Now here’s the Kicker, and the reason I became heavily involved in this arena. Analysis of participants in the P-1 trial revealed a subset where the benefit was even greater than those women at high-risk due to a positive family history. The most dramatic result was in the women with “atypical hyperplasia” on a prior biopsy where a 90% risk reduction was realized. This launched an entire industry aimed at “searching for atypical hyperplasia” to identify the best candidates for pharmacologic risk reduction (thus, ductal lavage, nipple aspirate fluid, random FNA cytology, ductoscopy, etc). After all, 90% risk reduction is close to the same benefit as preventive mastectomies.
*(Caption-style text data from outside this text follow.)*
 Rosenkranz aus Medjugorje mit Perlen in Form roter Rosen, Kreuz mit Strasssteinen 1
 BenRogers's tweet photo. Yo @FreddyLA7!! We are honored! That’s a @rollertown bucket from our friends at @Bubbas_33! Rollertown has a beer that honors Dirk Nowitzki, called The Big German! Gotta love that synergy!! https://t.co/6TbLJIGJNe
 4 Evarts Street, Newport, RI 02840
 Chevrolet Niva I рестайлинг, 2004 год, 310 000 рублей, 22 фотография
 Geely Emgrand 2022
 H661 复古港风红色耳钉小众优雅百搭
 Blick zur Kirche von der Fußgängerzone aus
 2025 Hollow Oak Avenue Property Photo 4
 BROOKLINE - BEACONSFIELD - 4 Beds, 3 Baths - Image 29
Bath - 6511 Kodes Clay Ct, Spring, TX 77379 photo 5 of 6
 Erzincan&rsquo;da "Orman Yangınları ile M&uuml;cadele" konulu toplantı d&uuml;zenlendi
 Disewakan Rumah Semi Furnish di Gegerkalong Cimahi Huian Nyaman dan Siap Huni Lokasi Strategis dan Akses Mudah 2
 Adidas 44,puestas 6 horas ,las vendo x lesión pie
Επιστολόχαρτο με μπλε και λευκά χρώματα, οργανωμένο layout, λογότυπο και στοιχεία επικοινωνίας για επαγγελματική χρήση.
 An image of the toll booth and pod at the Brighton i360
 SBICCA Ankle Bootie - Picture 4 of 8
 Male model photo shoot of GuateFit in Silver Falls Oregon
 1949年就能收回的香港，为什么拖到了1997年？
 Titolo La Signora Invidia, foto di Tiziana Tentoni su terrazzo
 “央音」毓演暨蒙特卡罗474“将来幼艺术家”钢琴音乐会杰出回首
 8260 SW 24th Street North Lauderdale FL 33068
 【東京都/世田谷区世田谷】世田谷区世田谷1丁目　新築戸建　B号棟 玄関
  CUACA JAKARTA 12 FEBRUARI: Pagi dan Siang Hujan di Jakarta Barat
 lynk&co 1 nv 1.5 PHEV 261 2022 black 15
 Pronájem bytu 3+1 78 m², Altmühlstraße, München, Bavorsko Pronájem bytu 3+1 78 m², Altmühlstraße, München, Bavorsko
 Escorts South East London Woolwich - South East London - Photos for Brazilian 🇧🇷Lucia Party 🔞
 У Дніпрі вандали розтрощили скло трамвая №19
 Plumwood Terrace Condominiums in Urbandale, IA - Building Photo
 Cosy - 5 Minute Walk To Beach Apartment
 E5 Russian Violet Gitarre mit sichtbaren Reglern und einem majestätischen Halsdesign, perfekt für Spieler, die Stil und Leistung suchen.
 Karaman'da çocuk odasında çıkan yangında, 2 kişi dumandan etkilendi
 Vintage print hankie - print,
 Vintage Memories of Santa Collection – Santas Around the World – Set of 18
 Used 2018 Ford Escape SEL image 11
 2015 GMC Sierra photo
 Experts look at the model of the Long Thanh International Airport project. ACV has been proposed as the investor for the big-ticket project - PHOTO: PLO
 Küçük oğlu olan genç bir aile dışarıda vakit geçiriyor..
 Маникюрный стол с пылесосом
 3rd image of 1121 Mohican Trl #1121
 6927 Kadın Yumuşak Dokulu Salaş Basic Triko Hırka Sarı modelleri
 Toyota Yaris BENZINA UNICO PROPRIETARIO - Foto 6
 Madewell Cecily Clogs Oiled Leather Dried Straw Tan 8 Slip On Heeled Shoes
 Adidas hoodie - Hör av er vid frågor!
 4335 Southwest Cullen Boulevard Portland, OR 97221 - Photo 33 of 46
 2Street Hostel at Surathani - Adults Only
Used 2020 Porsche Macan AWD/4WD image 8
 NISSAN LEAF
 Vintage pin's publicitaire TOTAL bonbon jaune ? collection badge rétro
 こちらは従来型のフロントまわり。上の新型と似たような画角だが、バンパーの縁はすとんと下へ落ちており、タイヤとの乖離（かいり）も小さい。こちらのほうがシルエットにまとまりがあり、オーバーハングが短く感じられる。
As the data from subsequent trials emerged and matured, the benefit was adjusted to a 75% risk reduction range, which is still remarkable. Nevertheless, given the large number of candidates for pharmacologic risk reduction, few women opt for the 5-year plan. In fact, the “industry” sort of dried up, not because the science was off, but rather, the lack of patient interest in pharmacologic risk reduction, even from those at high risk, even if submitting to any of the measures to find “atypia.” No point in performing ductal lavage if the patient is going to decline pharmacologic risk reduction. Over 500,000 women take Evista for its other FDA-approved indication — bone density improvement — but try suggesting it for breast cancer risk reduction, and patients balk. The NSABP even launched a study to understand why women didn’t buy into the NSABP’s huge and expensive studies (13,000 women in P-1 and 20,000 in P-2). It largely remains a mystery as to why pharmacologic risk reduction has been underutilized, but it’s still available through “shared decision-making” between the patient and her health care provider.

Maybe the reluctance has something to do with next line of lyrics in “White Rabbit”….. And the ones that mother gives you don’t do anything at all.